DRM for business documents is a valuable tool

[maynard]

A few facts and then an opinion:

1) DRM technology will be available to businesses which choose to run a DRM server on Windows 2003. It will not be enabled by default.

2) The technology will allow a management (or really the top level key holders) to limit document access rights to specific individuals or a group within the organization. A very valuable feature for many businesses.

3) Without a doubt, MS will abuse this technology to lock their customers into the new Office document format, which they will further abuse to limit document exchange from MS to third party applications.

The problem here is not 1) and 2). Those are perfectly reasonable features that most businesses want to buy. The problem is 3), the vendor lock-in issue. The Open Office project could write the same kind of DRM services into their suite, while at the same time offering document portability to those who hold top level keys to an organization's documents. IMO, this is where they should go long term, since it's obvious MS has hit upon a valuable technology - but like they're always abt to do, they're first instinct is to use the new technology to lock their customers in rather than sell their customers on their new features, quality engineering, and support. Businesses want both the DRM controls and document portability across a wide range of applications. MS always fails their customers in this regard and that's one reason why they've got such a bad reputation.

JMO.
Maynrd

Surely you jest?

[kylef]

This kind of blatent abuse of the law is just another step towards neo-monarchism, and more loss of freedom for the common person.

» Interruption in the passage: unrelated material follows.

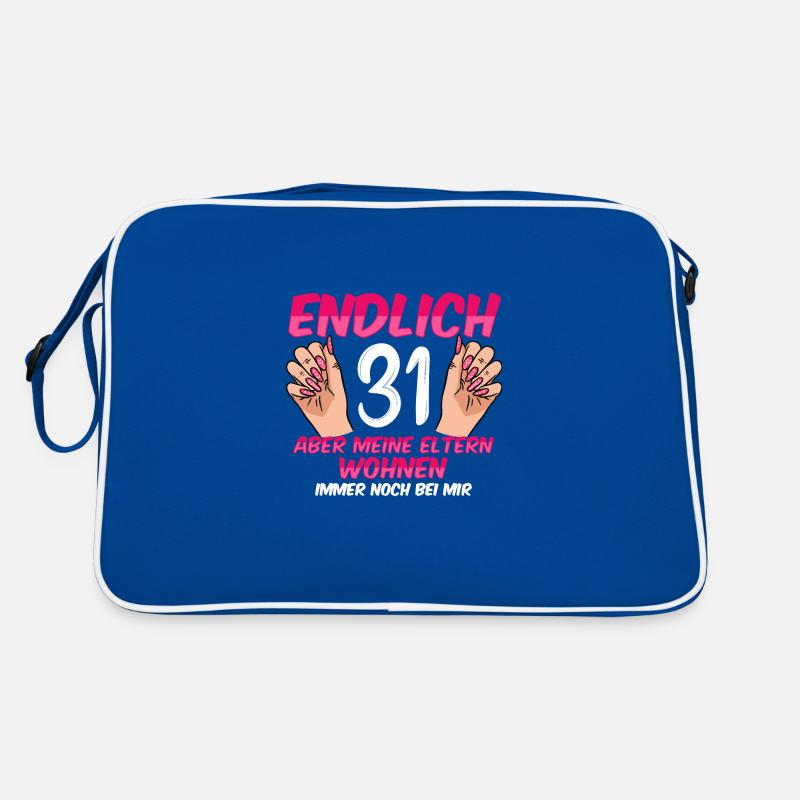 Finally 31 my parents still live with me Retro Bag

OK. Let me get this straight. A private company introduces software that basically introduces built-in encryption for word documents, spreadsheets, and email. This technology is designed to allow companies to prevent emails and documents from accidentally "leaking" to the press or into the hands of corporate spies. This won't even affect the home user AT ALL because home users don't have the necessary software to make use of IRM anyway (it requires a separate Windows 2003 Server in addition to MS's Information Rights Management software).

And the availability of this product is somehow an example of "blatant abuse of the law"? I think some people here are suffering from some kind of paranoia.

Analog my friend...

[sterno]

Or you just get out your trusty camera and take a picture of it. If you want to get higher tech, capture the EM signal generated by the monitor. It's just like bypassing music DRM by recording from a line out. This sort of security will stop casual snoops, but somebody who wants the information will get it.

Information flow NIGHTMARE!

[Tsu+Dho+Nimh]

Oh wow ... given the numbers of PHBs who already password protect presentations and send them out without the password, which they promptly forgot, this should be a productivity enhancer.

• The critical presentation EXPIRES the night before you need it.
• The only person with the rights to open a document is sick and didn't make the meeting.
• The BIG customer tells you that they are not about to upgrade their servers and corporate software just to read your documents and tells you to provide material they can read or forget it.
• They will have to have FULL-TIME rights managers, who track who is entitled to read whose documents.
• And a full-time Search and Rescue team to retrieve lost documents, crack lost passwords, etc.